About 12,000 Australian families carry breast cancer genetic faults. They have an increased risk of developing breast cancer. To find out more about these mutations kConFab collects biological samples and genetic, medical and social information from families with strong histories of breast cancer. This information is used to study familial breast cancer - how to prevent it and smarter and faster ways to detect and treat it more effectively. This information is also relevant to women with breast and ovarian cancer who do not have a strong family history of breast cancer.

One in nine Australian women will be diagnosed with breast cancer

But the risk is not spread evenly – those women with a family history are at a higher risk.
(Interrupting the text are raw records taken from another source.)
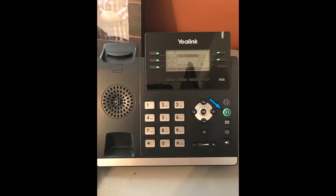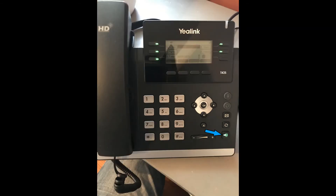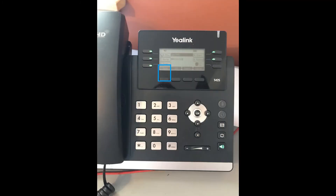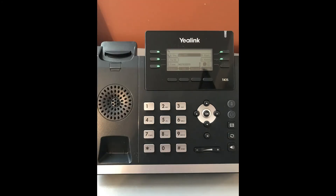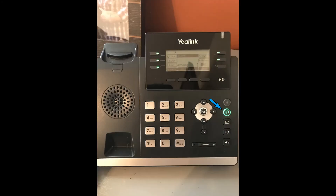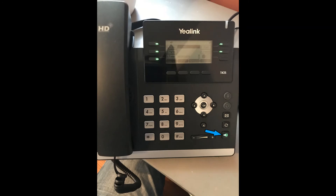To make a call, you can press the headset, speaker, or lift the handset, then dial the number you wish to call. There is no need to dial a 1 or 9 to make your call. Once you have dialed your number, you can press the soft key that reads send or wait for the call to start. When receiving a call, your phone will ring, caller ID information will appear in the middle of the screen, and your line key will flash. To answer, you can lift the handset, press the headset button, or press the speaker button.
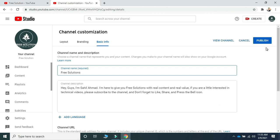That was a really easy way to change your YouTube channel name, but now I have something very important and crucial to tell you. Before changing your YouTube channel name, you must be careful about these things. Firstly, you can't change your YouTube channel name more than three times in 90 days. Secondly, if you have a verified batch on your YouTube channel, you will lose it and have to reapply. If you don't have a verified badge, you don't need to worry about that.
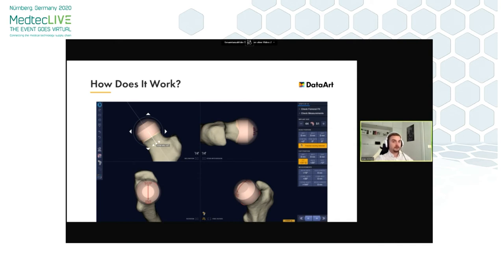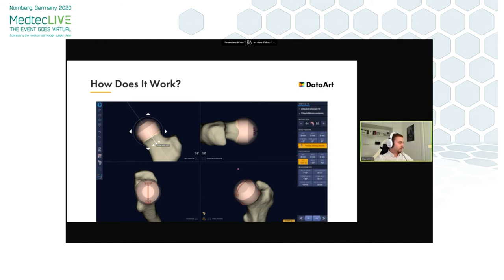There are plenty of information messages intended to guide and warn the user if anything is potentially wrong. For example, we see the message that bone notching is present in this case. In addition, a user can see where it is located, as it is marked red on the model in the lower two windows — in these areas around here.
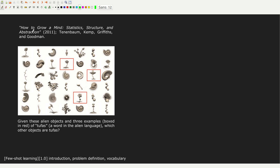I'd like to look at an example from a very good article I suggest you read. These authors are mostly cognitive scientists interested in connecting cognitive science and machine learning. The example shows imaginary objects — three of them, highlighted in red, belong to the same group. In this imaginary alien world, they are called 'tufas.' Given these three examples, we want to determine which of the remaining objects are also tufas. You can pause the video and try to figure out which ones belong to the same class.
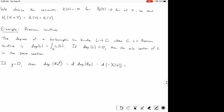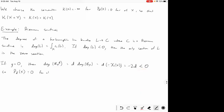If the genus is zero, the Euler characteristic is two, so the degree of K_X^D is minus 2D, which is negative for all positive D. Thus all the plurigenera are zero — all these bundles have negative degree. Therefore the Kodaira dimension of a genus-zero Riemann surface is minus infinity.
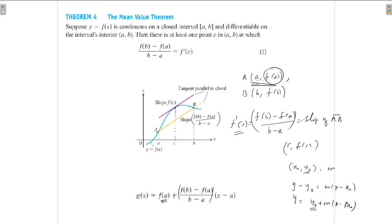Now consider the function g(x) and define h(x) = f(x) − g(x). Since g(x) is a polynomial in (x − a), it is always differentiable and continuous.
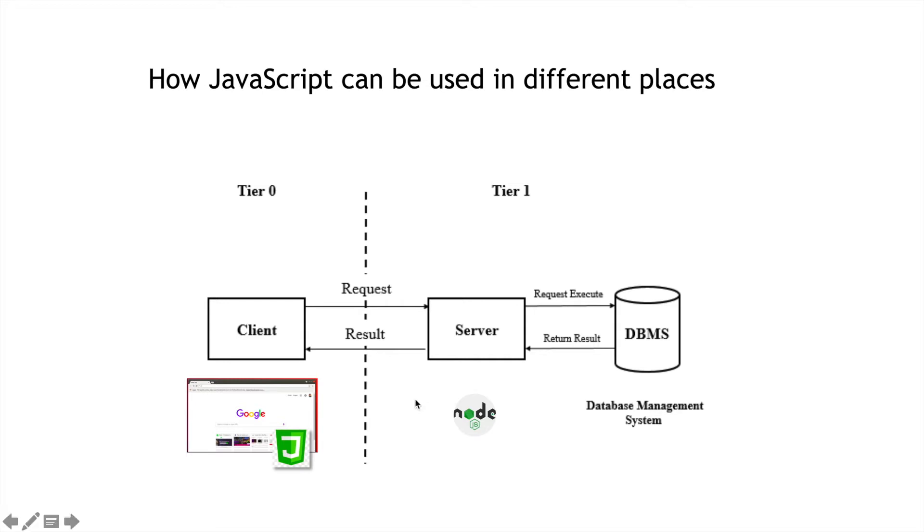And if you install Node on a web server, JavaScript then has the ability to run on that computer and do things like talk to its local hard drive and interact with the database, something that JavaScript running within a web browser cannot do.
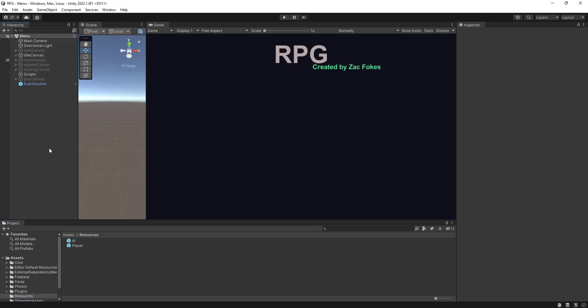Hey everyone, welcome back to another episode of an RPG tutorial. Alright people, so this should be the last episode in the trade series.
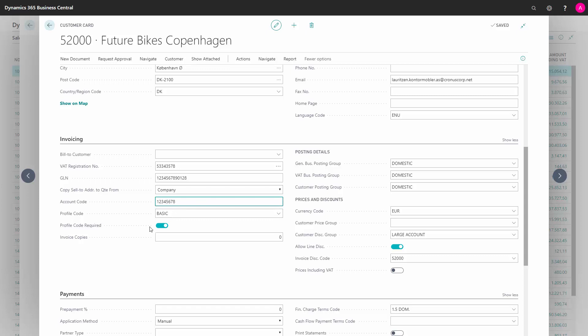You could also define here if profile code is required and it doesn't have a profile code. It's not possible to create the invoice before you enter that. And that sounds, of course, a little strange. But for instance, if you use a template for creating the customer and the template says that profile code is required, and you enter a new customer but you forget to enter the profile code here, you cannot make invoices for the customer as an extra check.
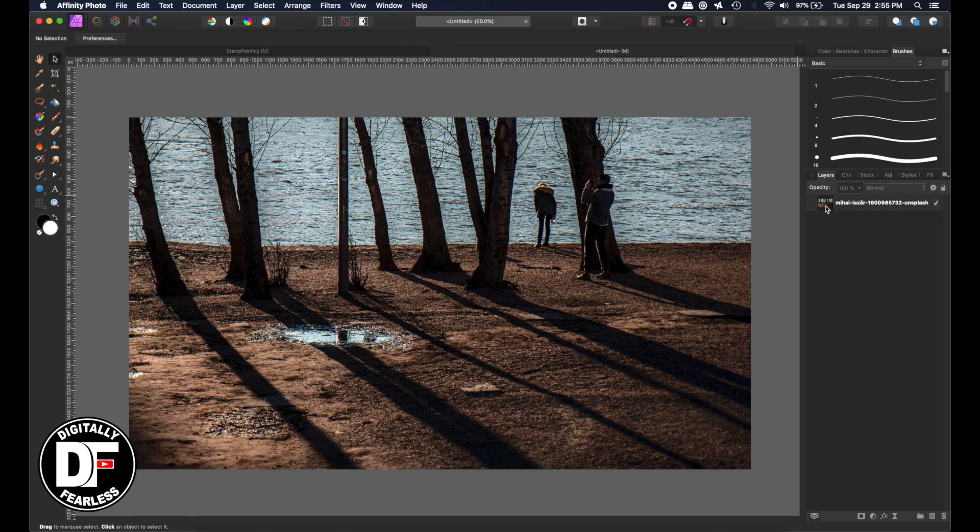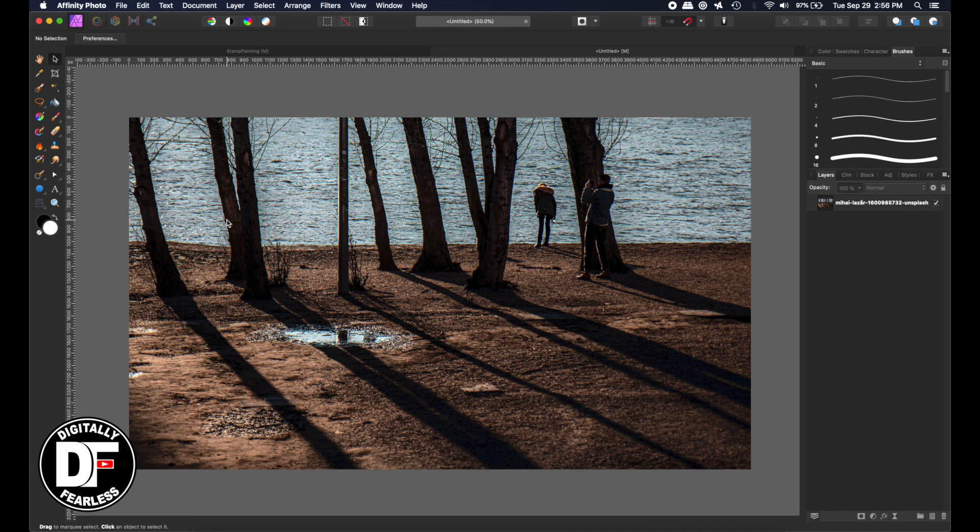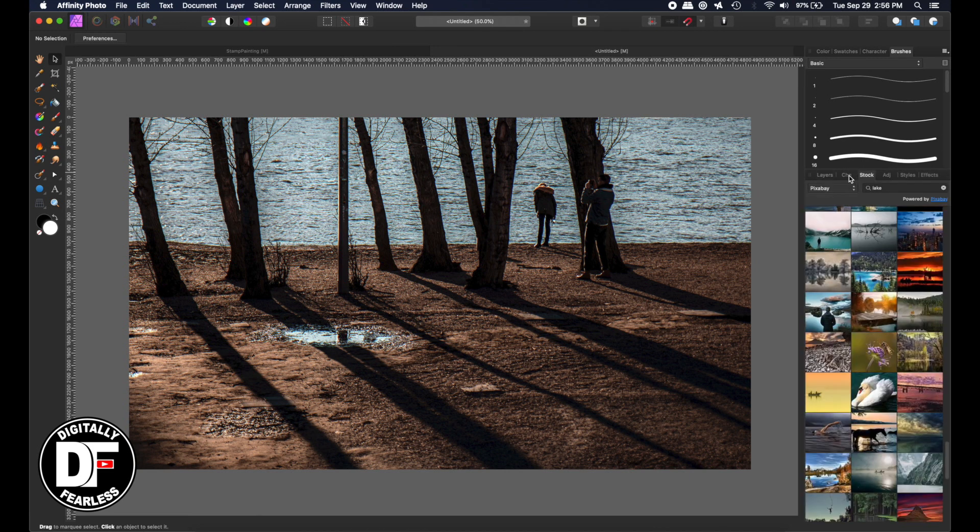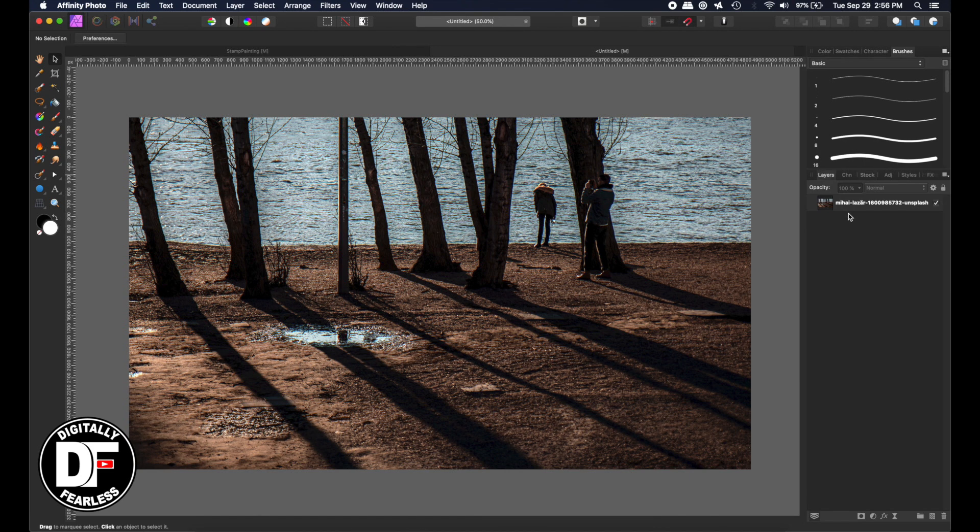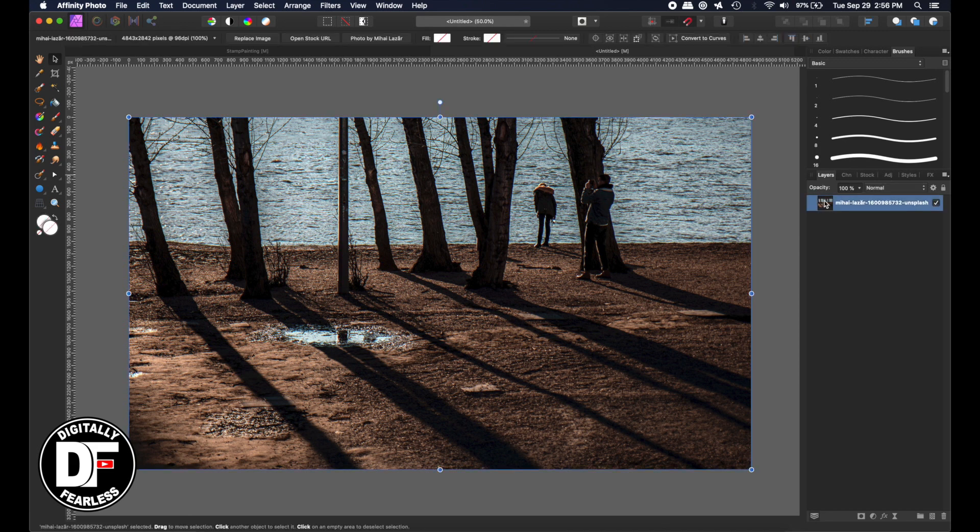So I just pulled in this photo from I believe it was Unsplash but you can use any photo because trust me by the time I'm done with this it is not going to be a beautiful art piece because I work straight through when I'm doing most of the recordings and I don't take a lot of time but you should spend a lot of time perfecting this. So I pulled in a stock photo and it was by M-I-H-A-I Mahai L-A-Z-A-R but use any photo that you want.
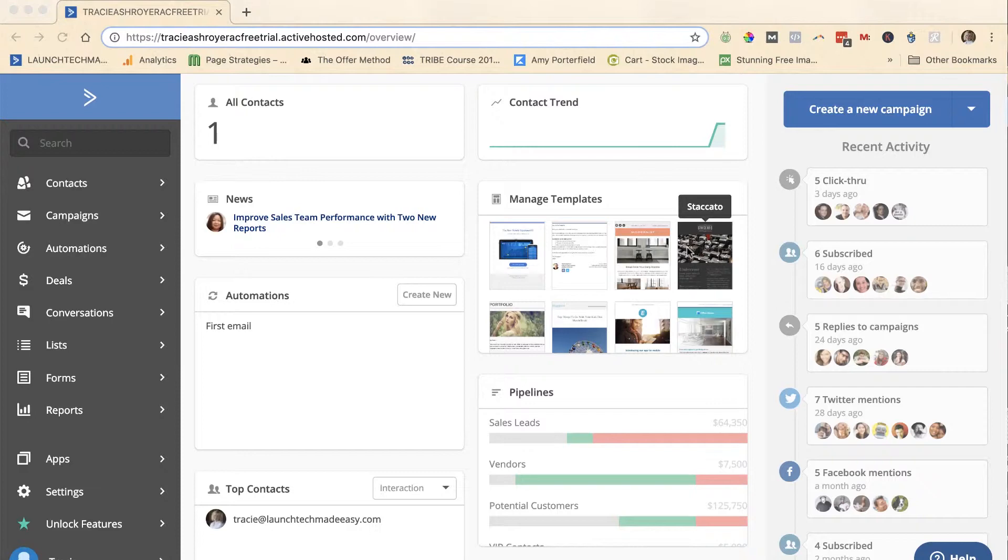I don't know why they do this, apparently at some point they can get access to people's websites using this method. But in any case, when you get a bunch of bots on your email list, it can not only affect the deliverability of your emails because it looks like you have a whole bunch of people not interacting with you on your list.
Those at highest risk belong to families who have mutations in the breast cancer genes, known as BRCA1, BRCA2, PALB2, ATM, p53 and PTEN. The mutations are passed from one generation to the next.

Everyone who inherits a mutation is at increased risk of developing cancer: breast, ovarian, fallopian tube and pancreatic cancer in women, breast, pancreatic and prostate cancer in men – yes, men also develop breast cancer in high risk families. All too often, these genetic cancers arise early in life, often during childbearing years and the middle of a career.

There is help. People with strong family histories of breast, ovarian and other cancers can now be offered genetic testing to discover whether they carry a mutation in one of the known breast cancer genes. Frequent clinical surveillance to detect cancer at its earliest stage, when the chance of a cure is greater, is also available.

kConFab is unique in terms of the quality with which families have been characterised and data collected

• About 12,000 Australian families carry genetic faults in breast cancer genes.
• We collect family histories, biological samples and comprehensive life style and clinical data from “high risk” Australian families. We are regarded as the best publicly-available resource for familial breast, ovarian and prostate cancer in the world.
• We are the major driver of breast cancer research in Australia and provide lifestyle data and biological samples to more than 186 research projects here and overseas.
• It is increasingly clear that studying familial cancers can provide invaluable insights into how to prevent and treat ‘sporadic’ cancers that occurs in people without a family history

We MUST do more research.
We MUST reach more families.
We MUST…

• identify ALL the genes responsible for familial breast cancer.
• discover the best ways to detect tumours at the earliest stages.
• provide the best forms of counselling and psychological support.
• pinpoint the genetic and lifestyle factors that may help protect against the disease.
• develop new ways of preventing cancer.

We need hundreds, perhaps thousands, of families to generate enough statistical evidence to provide unambiguous answers to these questions.